# Work to complete
For this exercise, retype all the data exactly and exclude every image.

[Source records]
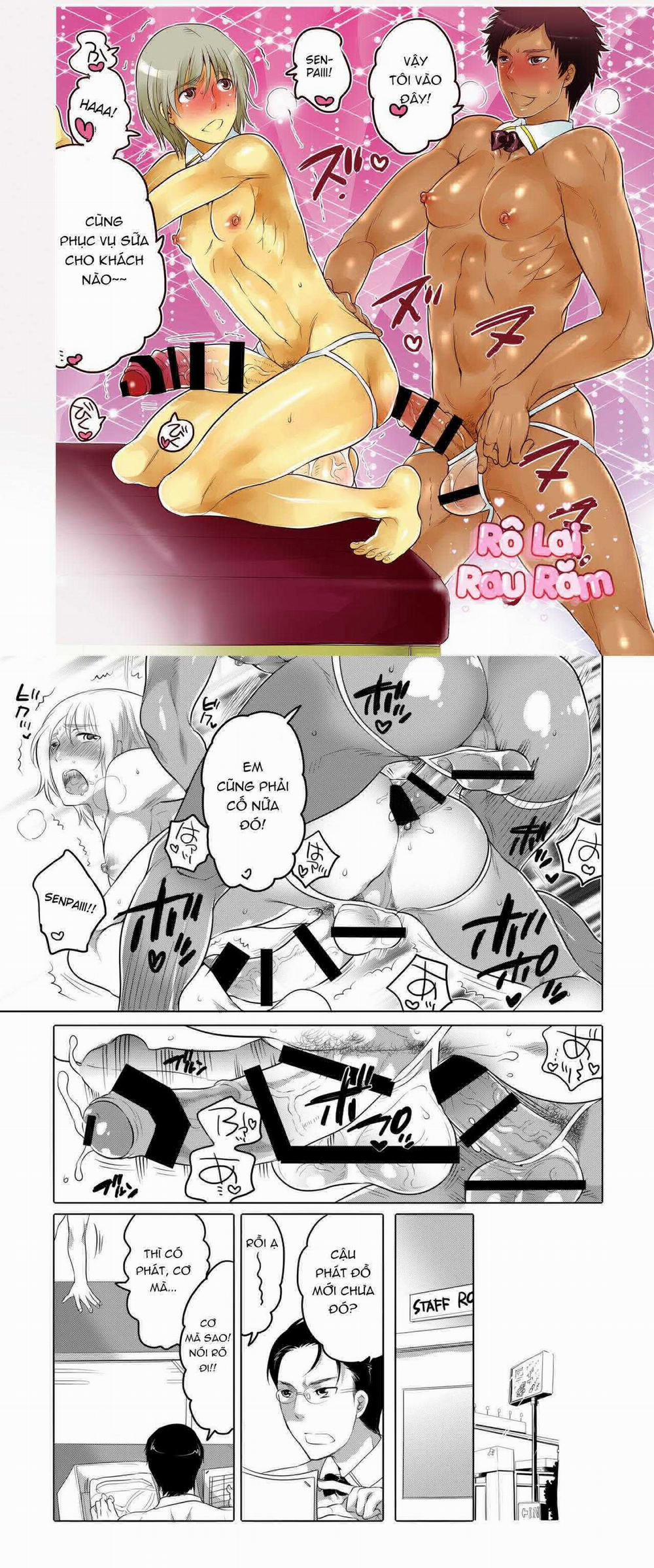 Tuyển Tập BL 18 Theo Yêu Cầu Nhà Rô Lai 52.1 trang 7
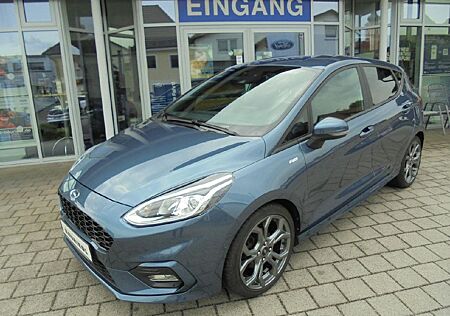 Ford Fiesta ST-Line [Navi ACC Klimaautomatik WP RFK]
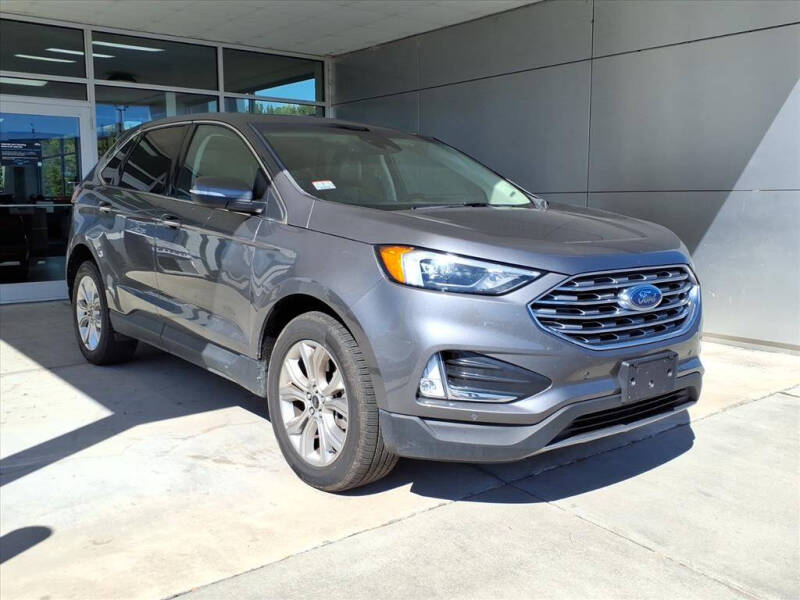 2023 Ford Edge Titanium
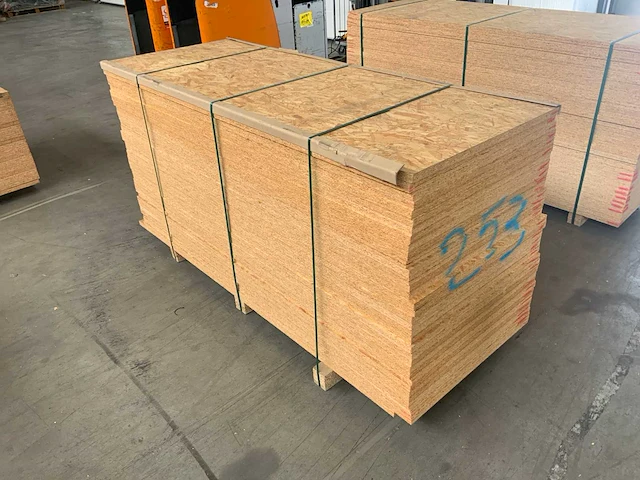 Osb 2000x750x25mm (34x) - afbeelding 3 van  5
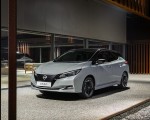 2022 Nissan Leaf (Euro-Spec) Front Three-Quarter Wallpapers 150x120 (31)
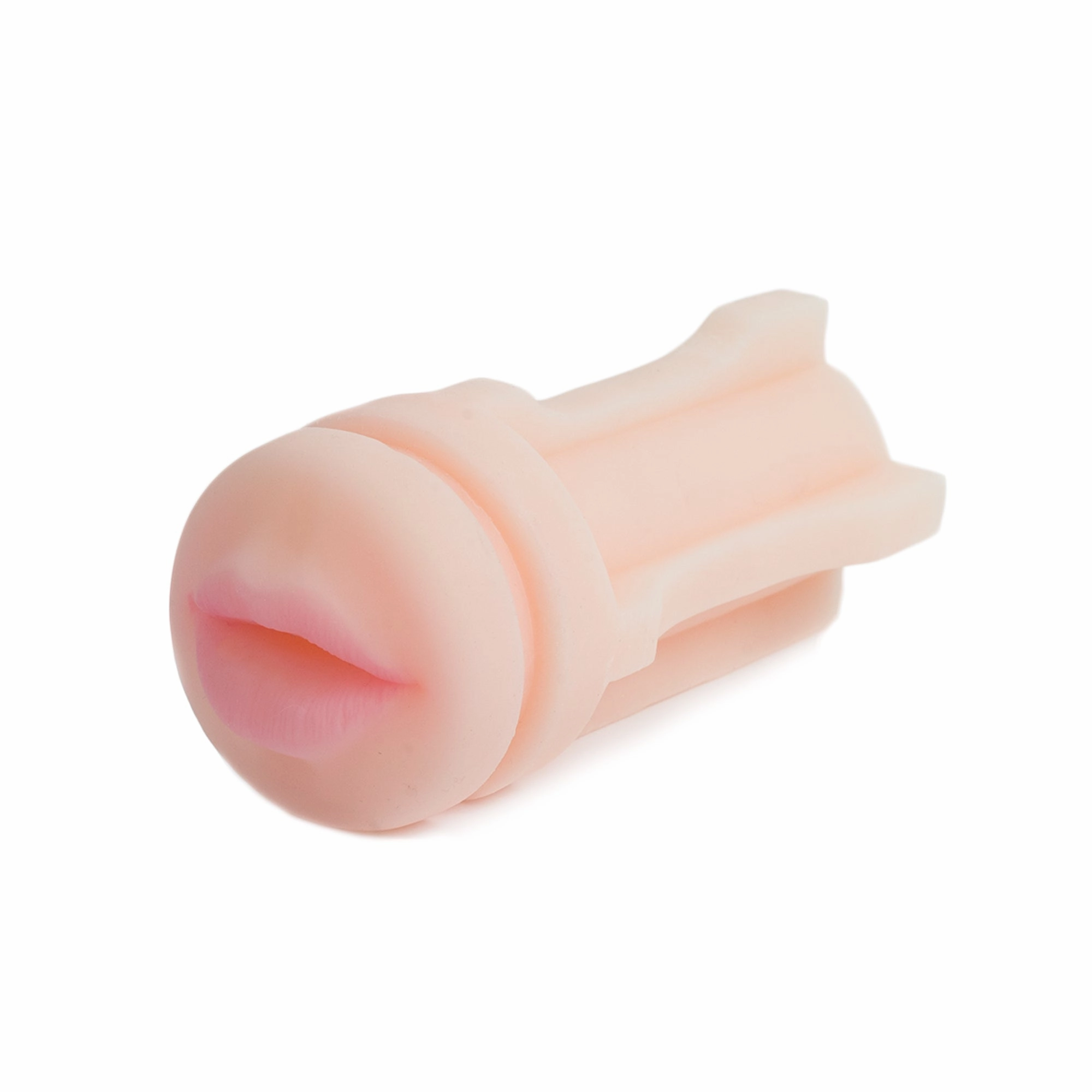CyberSkin® H2O Vulcan® Shower Stroker, Deep Throat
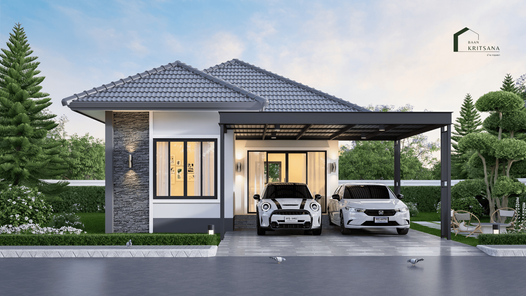โครงการบ้านกฤษณา 2 - Baan Kritsana 2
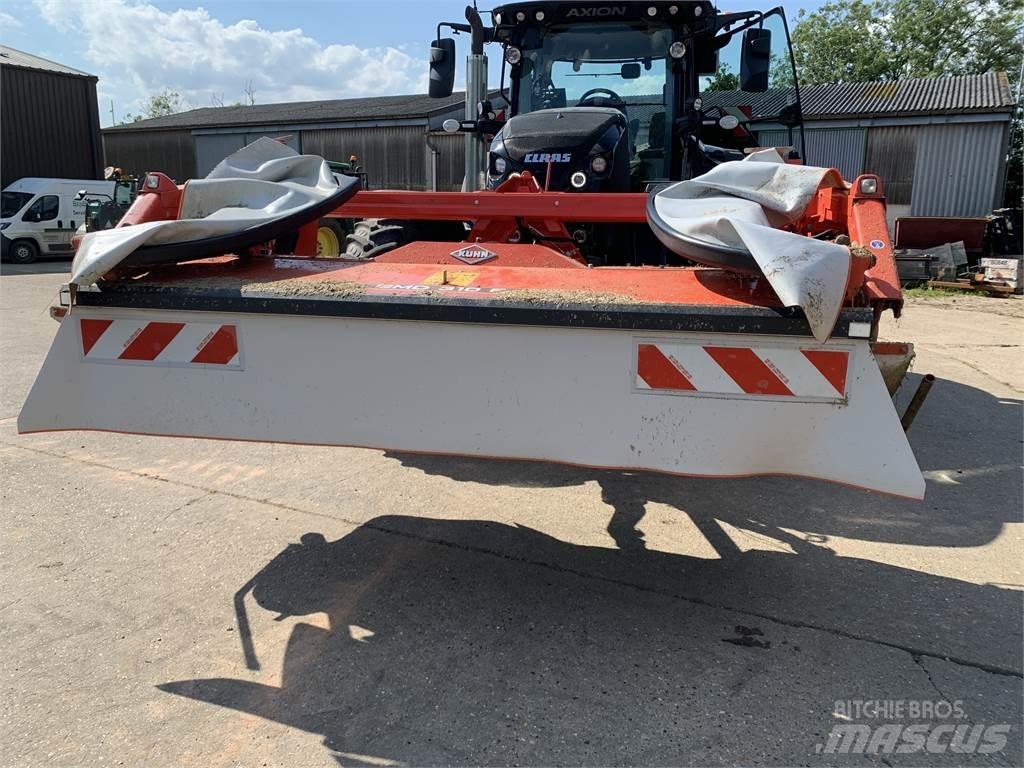Kuhn GMD310FF Szárzúzók és fűkaszák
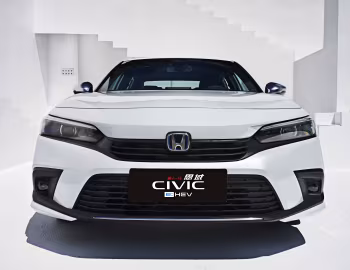 Honda Civic e:HEV Sedan [China] '2022–pr.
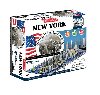 Puzzle 4D - New York 71x30 cm - Wiky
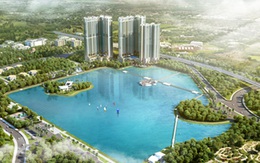 Vingroup ra mắt dự án ven hồ đẳng cấp quốc tế - Vinhomes Skylake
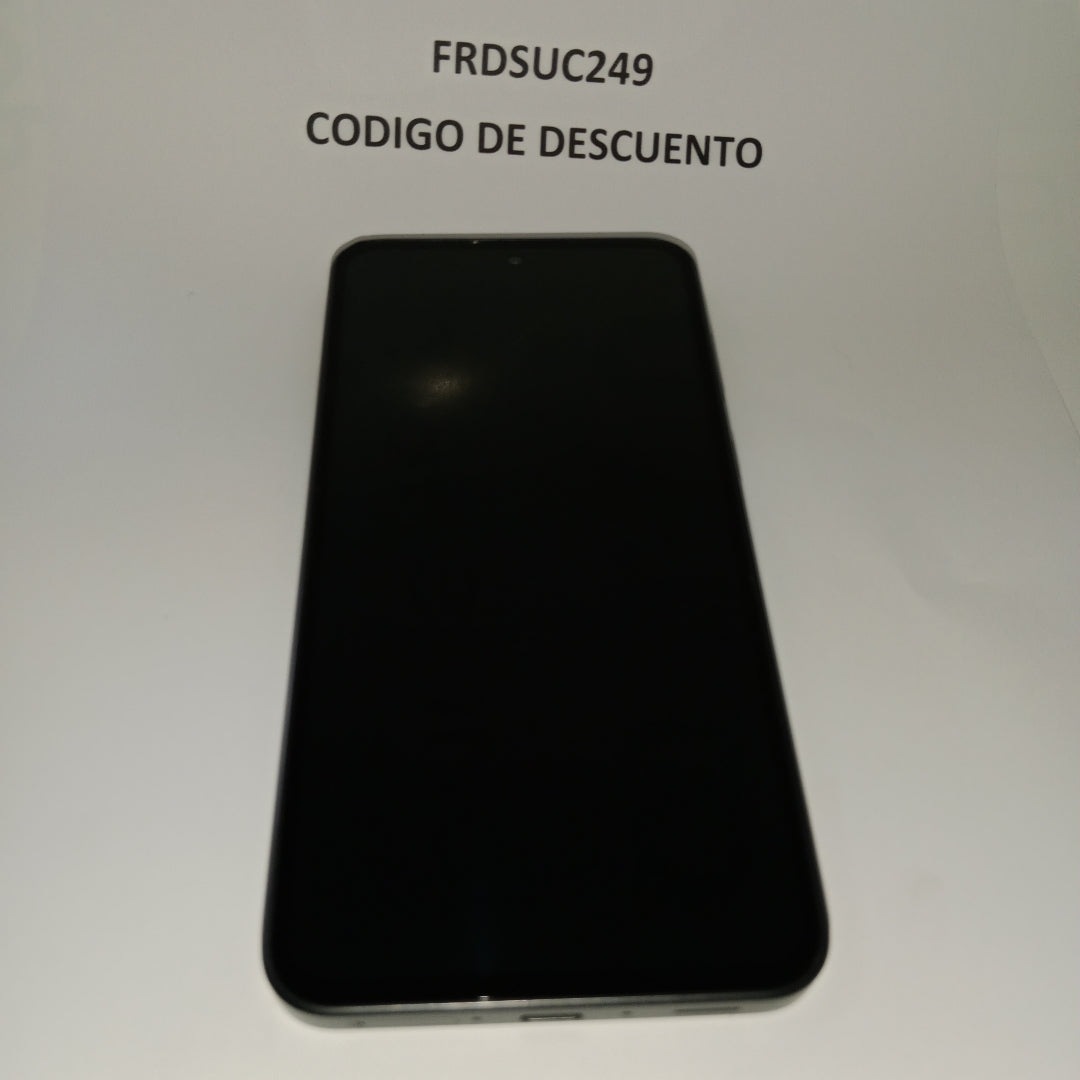 CELULAR SAMSUNG GALAXY A36 5G SM-A366E (2025) 128 GB 6 GB RAM (SEMINUEVO)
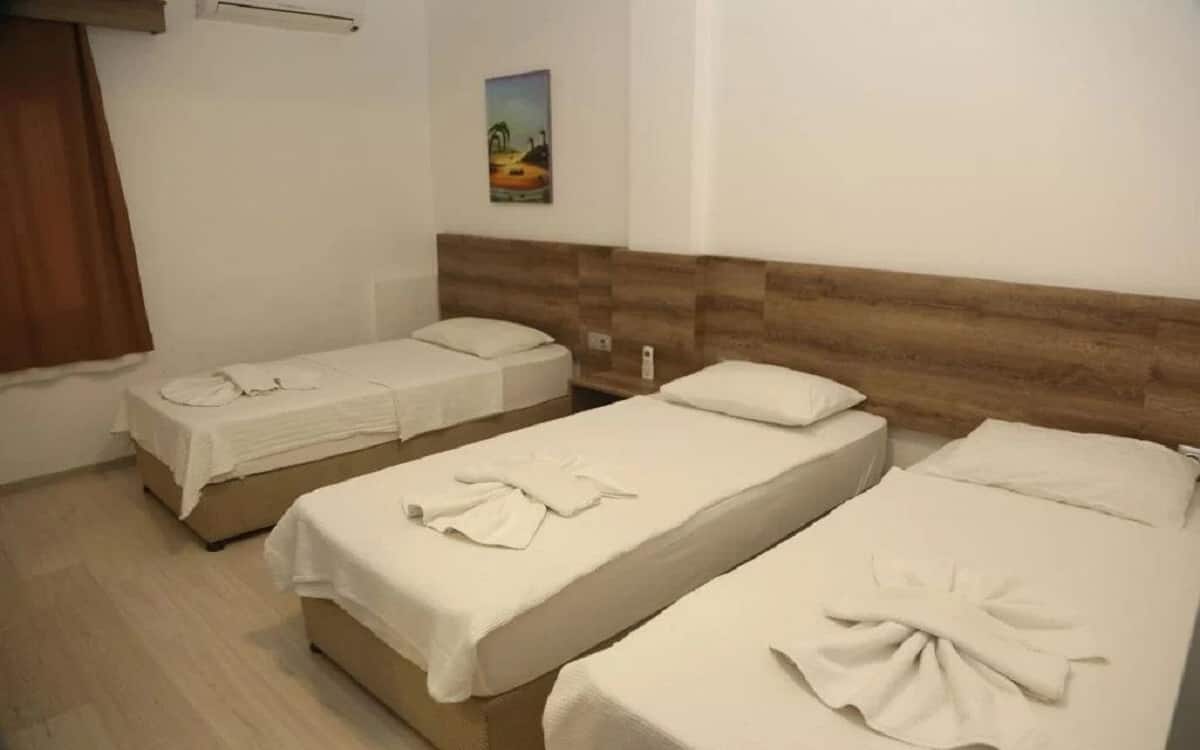 Standard-Dreibettzimmer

# Answer area
 Tuyển Tập BL 18 Theo Yêu Cầu Nhà Rô Lai 52.1 trang 7
 Ford Fiesta ST-Line [Navi ACC Klimaautomatik WP RFK]
 2023 Ford Edge Titanium
 Osb 2000x750x25mm (34x) - afbeelding 3 van  5
 2022 Nissan Leaf (Euro-Spec) Front Three-Quarter Wallpapers 150x120 (31)
CyberSkin® H2O Vulcan® Shower Stroker, Deep Throat
โครงการบ้านกฤษณา 2 - Baan Kritsana 2
Kuhn GMD310FF Szárzúzók és fűkaszák
 Honda Civic e:HEV Sedan [China] '2022–pr.
 Puzzle 4D - New York 71x30 cm - Wiky
 Vingroup ra mắt dự án ven hồ đẳng cấp quốc tế - Vinhomes Skylake
 CELULAR SAMSUNG GALAXY A36 5G SM-A366E (2025) 128 GB 6 GB RAM (SEMINUEVO)
 Standard-Dreibettzimmer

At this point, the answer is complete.